Whistleblowing: transparency in the labour market for anti–corruption sistem (Invest in Lombardy Blog, 13 July 2016 – Vittorio De Luca, Claudia Cerbone)
Sometimes Italy is connoted by a low level of transparency, which indicates a high level of corruption; on a scale of 0 (highly corrupt) to 100 (very clean), according to Corruption Perceptions Index 2015 by Transparency International, Italy ranks #61 after Romania (#58), Oman (#60) and in the same position as Lesotho, Senegal and Montenegro. This index may affect the foreign perception of Italy being a trustable country, and a safe place to run business with a direct negative effect on foreign investments. How to change this reputation?
One of the main challenges to thwart corruption is to be able to bring out the crime itself: hence the need to provide a framework that allows people to report the crimes.
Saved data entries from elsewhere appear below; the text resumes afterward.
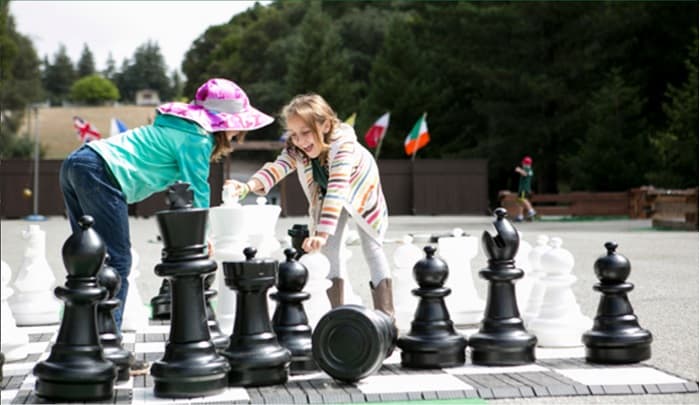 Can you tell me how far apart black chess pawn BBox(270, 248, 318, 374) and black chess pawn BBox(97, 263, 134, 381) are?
0.59m

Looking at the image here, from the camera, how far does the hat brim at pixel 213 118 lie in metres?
3.91

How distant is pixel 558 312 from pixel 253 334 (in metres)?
1.57

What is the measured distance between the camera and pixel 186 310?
317cm

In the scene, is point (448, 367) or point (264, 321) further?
point (448, 367)

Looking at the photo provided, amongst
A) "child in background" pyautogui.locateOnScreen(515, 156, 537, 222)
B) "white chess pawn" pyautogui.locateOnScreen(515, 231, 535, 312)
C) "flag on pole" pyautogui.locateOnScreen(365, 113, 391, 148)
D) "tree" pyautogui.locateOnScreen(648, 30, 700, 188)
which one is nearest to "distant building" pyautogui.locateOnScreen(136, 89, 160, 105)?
"flag on pole" pyautogui.locateOnScreen(365, 113, 391, 148)

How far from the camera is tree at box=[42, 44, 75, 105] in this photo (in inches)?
6270

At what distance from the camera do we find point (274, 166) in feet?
14.9

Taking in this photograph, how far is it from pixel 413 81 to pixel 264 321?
33.4 m

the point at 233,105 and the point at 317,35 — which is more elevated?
the point at 317,35

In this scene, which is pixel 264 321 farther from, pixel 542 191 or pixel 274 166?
pixel 542 191

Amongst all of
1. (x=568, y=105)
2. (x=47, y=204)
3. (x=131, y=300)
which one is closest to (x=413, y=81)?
(x=568, y=105)

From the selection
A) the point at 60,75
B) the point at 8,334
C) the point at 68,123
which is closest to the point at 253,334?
the point at 8,334

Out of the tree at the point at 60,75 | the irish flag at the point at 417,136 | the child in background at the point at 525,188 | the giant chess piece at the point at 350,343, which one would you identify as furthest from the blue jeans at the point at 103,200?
the tree at the point at 60,75

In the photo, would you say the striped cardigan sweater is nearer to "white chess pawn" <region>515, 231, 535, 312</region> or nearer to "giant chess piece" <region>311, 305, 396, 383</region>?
"giant chess piece" <region>311, 305, 396, 383</region> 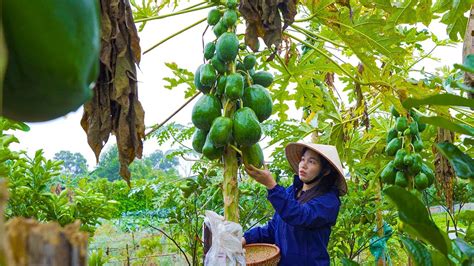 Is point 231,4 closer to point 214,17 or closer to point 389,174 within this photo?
point 214,17

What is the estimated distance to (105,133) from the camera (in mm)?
1430

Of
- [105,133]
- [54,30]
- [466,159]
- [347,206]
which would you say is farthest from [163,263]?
[54,30]

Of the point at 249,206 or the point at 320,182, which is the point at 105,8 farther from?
the point at 249,206

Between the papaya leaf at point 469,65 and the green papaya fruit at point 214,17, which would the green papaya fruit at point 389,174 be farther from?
the papaya leaf at point 469,65

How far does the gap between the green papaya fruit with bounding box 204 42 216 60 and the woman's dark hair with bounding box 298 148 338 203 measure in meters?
0.82

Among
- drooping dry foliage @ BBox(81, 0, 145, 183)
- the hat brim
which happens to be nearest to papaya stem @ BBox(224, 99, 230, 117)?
drooping dry foliage @ BBox(81, 0, 145, 183)

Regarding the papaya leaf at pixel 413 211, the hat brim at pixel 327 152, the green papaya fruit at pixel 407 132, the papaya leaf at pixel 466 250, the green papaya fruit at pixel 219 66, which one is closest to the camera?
the papaya leaf at pixel 413 211

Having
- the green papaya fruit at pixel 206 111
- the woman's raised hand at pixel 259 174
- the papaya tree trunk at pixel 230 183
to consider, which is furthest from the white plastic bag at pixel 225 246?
the green papaya fruit at pixel 206 111

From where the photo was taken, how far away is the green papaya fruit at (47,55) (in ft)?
1.29

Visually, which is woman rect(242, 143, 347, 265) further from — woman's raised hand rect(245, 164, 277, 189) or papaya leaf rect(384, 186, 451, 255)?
papaya leaf rect(384, 186, 451, 255)

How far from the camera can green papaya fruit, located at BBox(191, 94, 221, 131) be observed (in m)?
2.00

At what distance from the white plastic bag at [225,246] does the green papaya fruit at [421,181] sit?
157 cm

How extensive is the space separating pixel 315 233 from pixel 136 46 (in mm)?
1501

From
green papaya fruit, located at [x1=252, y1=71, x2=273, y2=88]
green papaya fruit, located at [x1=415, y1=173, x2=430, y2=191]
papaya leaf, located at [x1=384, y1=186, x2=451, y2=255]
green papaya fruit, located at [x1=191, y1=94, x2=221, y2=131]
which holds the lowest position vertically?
papaya leaf, located at [x1=384, y1=186, x2=451, y2=255]
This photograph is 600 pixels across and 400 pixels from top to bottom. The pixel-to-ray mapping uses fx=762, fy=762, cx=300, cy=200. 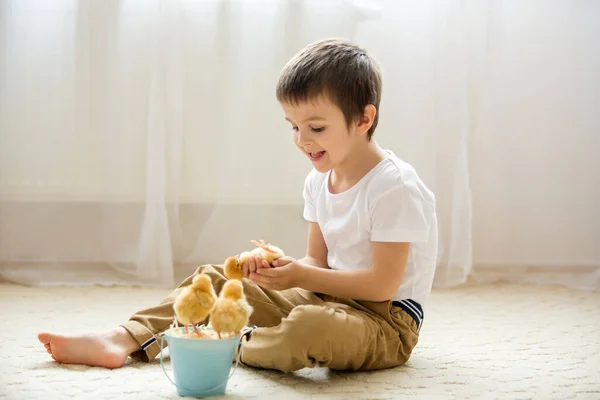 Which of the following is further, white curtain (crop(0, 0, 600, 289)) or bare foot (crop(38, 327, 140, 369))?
white curtain (crop(0, 0, 600, 289))

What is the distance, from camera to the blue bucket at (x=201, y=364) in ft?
3.17

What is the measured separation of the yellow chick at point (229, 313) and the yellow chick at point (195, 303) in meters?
0.01

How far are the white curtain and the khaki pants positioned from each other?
25.8 inches

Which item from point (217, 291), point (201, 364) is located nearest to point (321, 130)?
point (217, 291)

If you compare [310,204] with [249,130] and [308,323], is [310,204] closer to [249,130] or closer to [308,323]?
[308,323]

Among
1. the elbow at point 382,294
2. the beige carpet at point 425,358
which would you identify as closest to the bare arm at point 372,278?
the elbow at point 382,294

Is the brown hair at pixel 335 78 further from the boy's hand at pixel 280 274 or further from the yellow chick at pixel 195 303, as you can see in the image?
the yellow chick at pixel 195 303

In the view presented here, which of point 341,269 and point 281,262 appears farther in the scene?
point 341,269

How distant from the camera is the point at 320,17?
188 centimetres

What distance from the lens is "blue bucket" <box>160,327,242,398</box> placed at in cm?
97

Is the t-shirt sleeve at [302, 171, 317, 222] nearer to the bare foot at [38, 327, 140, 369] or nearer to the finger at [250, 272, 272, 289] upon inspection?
the finger at [250, 272, 272, 289]

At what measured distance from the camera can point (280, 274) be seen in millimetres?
1089

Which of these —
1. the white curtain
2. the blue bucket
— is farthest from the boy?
the white curtain

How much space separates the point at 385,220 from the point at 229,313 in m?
0.30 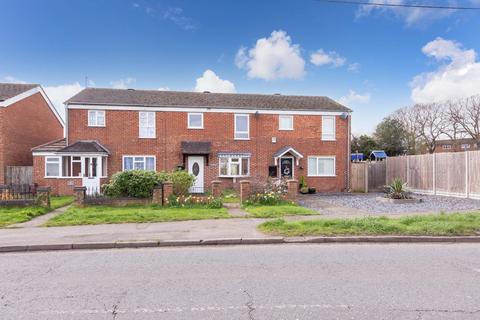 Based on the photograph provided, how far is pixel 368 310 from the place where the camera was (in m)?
3.96

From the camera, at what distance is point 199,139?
2141 centimetres

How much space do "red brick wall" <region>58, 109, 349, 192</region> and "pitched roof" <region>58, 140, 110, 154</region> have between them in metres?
0.43

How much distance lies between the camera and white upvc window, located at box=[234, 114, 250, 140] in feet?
71.5

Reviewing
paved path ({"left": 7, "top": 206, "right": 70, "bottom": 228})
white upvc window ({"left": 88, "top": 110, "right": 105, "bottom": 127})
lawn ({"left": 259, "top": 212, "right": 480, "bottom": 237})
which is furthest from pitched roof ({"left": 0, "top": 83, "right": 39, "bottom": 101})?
lawn ({"left": 259, "top": 212, "right": 480, "bottom": 237})

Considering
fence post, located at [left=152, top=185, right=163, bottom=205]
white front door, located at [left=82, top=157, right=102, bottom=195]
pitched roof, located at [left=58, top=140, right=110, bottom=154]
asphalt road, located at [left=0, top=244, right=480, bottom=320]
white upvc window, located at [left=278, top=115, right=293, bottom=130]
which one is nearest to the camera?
asphalt road, located at [left=0, top=244, right=480, bottom=320]

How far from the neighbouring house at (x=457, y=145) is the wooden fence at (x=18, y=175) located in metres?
48.7

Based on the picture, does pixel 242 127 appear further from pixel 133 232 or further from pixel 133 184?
pixel 133 232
So far, the existing Italian whistleblowing law provision – Article 54-bis of the Legislative Decree no. 165/2001 applied to the public employees – is about to be completed by a new law which is being debated and about to be approved by the Parliament. Bill proposal no. 2208, when approved shall extend to all employees (private and public sector) the whistleblowing rules (amending Article. 6 of Legislative Decree no. 231/2001) and provide an effective and efficient legal guardianship to any employee who intends to denounce a misconduct that may entail a crime. According to the new law, employees having “blown the whistle” (s.c. whistleblowers) will have to be treated fairly and their possible dismissal will be considered as unfair. The key factors of the Bill proposal no. 2208 are the following:
- employees who in good faith make public disclosure of corruption or wrongdoing to the company competent authorities or to the (ANAC), of which he became aware by reason of the employment relationship, can not be penalized, down-graded, fired, transferred or submitted to further punitive measures;
- good faith is excluded if the whistleblower acts with fraud or gross negligence, but it is not required that the employee is certain about the crimes, being needed that he believes highly probable the occurrence of criminal acts;
- it is forbidden to disclose the whistleblower identity;
- the whistleblower is no longer protected if he is condemned in a criminal Court for slander or defamation.
The protection granted to whistleblowers makes a relevant contribution to the implementation of a labour market based on an anti-corruption system, with a substantial improve in employment: indeed foreign investors will have one additional reason to consider investments in Italy.
Furthermore, it is worth noting that, in the last few months, the Italian lawmaker extended also the anti-money laundering provisions, providing for additional cases in which professionals are required to report, to the competent authorities, cases of money laundering and racketeering. The Italian market, therefore, is rising again following the rules of publicity, transparency, democratic participation and to disclose the decision-making processes of any company doing business in Italy.
The whistleblowing Bill proposal is a new brick in the deep reform the present Italian Government is implementing in Italy and which allowed this country to improve by 20 positions since 2014, in the World Bank Doing Business ranking.